▶ _Problem to solve_
I would like the lines below, from the one with "Step One All" through the one with "L@@K! 4 10 in.", copied exactly and without any pictures.

▶ _Input data_
◇ ◇ ◇ ◇

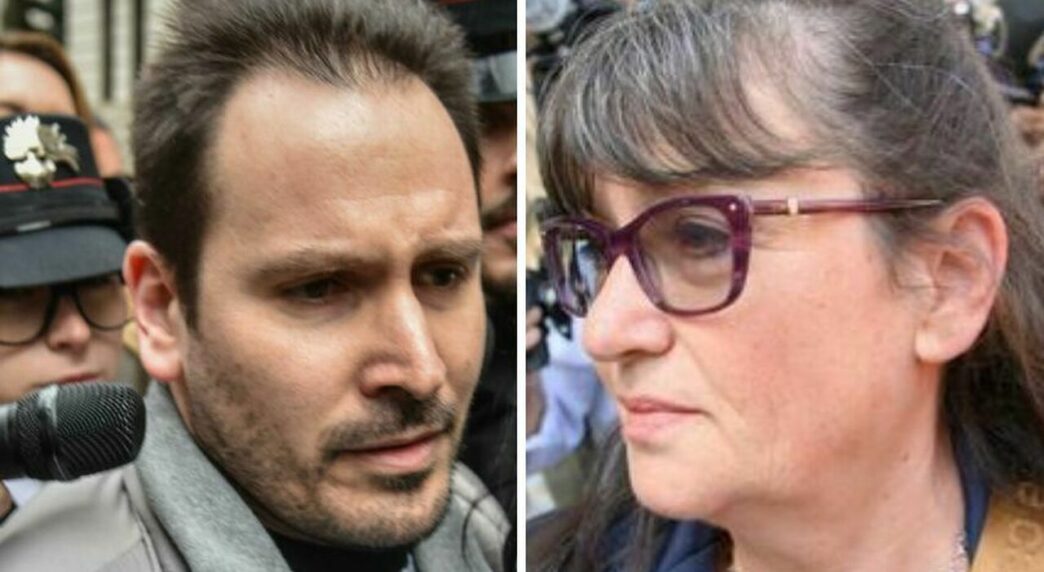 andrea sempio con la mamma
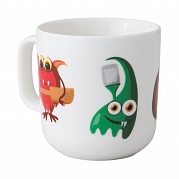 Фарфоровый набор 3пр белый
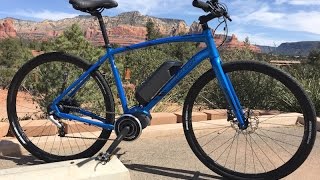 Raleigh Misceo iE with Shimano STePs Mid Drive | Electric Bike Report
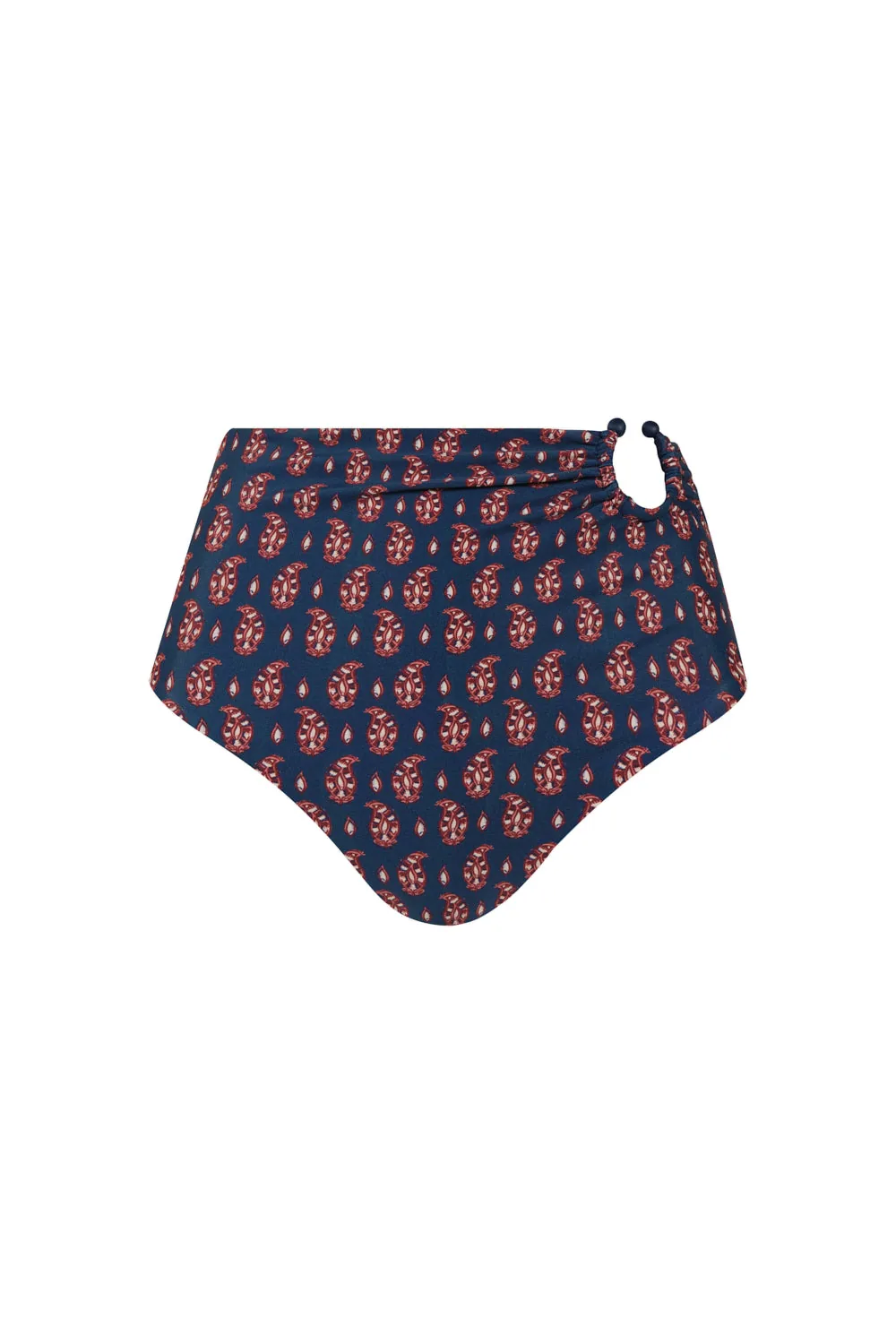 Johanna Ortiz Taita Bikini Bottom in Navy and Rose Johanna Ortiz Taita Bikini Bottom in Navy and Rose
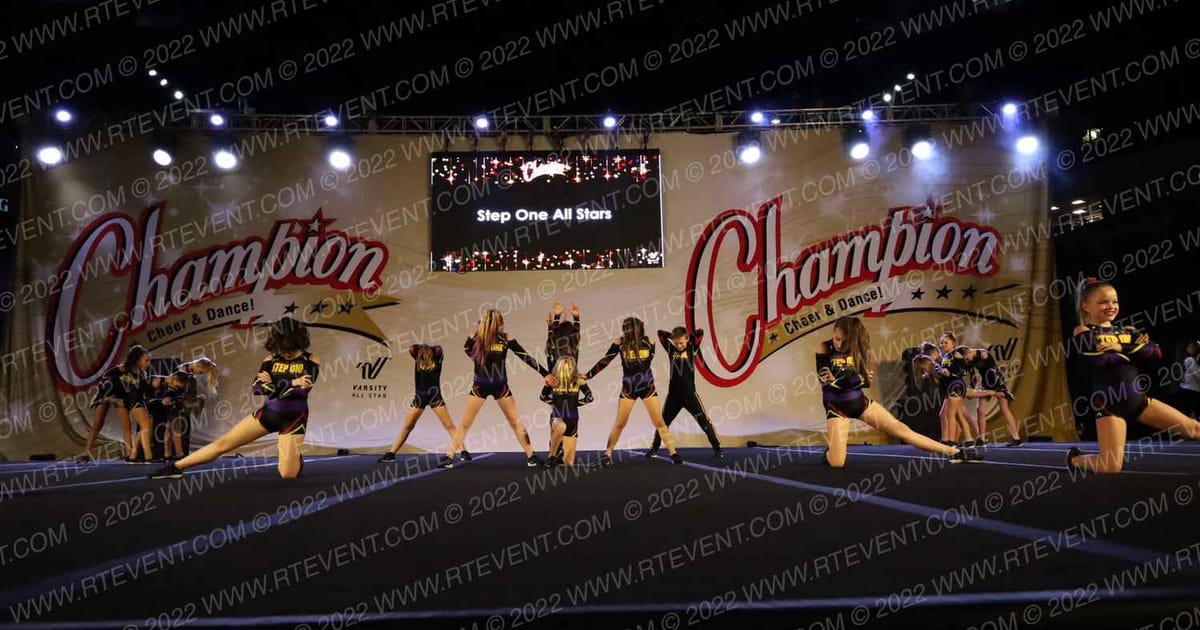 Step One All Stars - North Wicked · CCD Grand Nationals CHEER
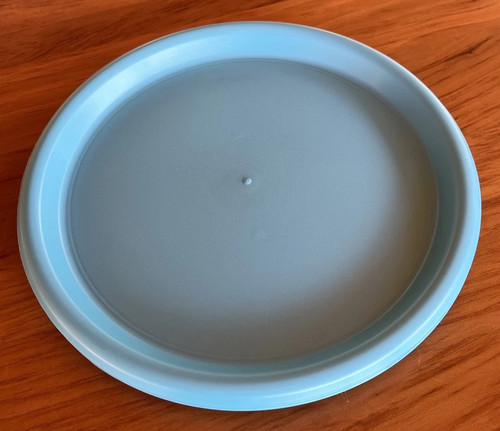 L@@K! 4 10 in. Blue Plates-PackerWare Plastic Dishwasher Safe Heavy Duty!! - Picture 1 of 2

◇ ◇ ◇ ◇

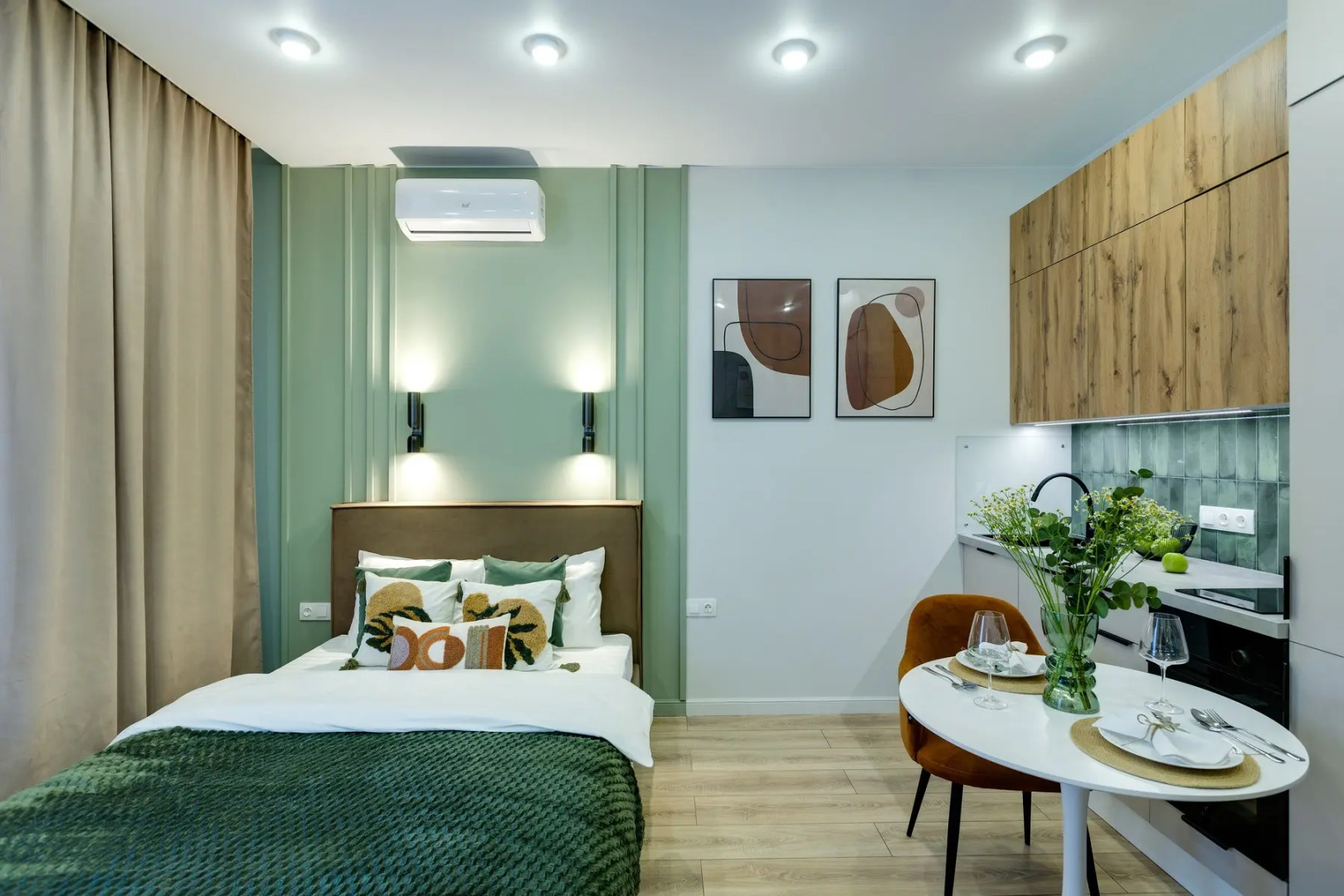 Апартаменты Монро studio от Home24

◇ ◇ ◇ ◇

▶ _Answer to this task_
 Step One All Stars - North Wicked · CCD Grand Nationals CHEER
 L@@K! 4 10 in. Blue Plates-PackerWare Plastic Dishwasher Safe Heavy Duty!! - Picture 1 of 2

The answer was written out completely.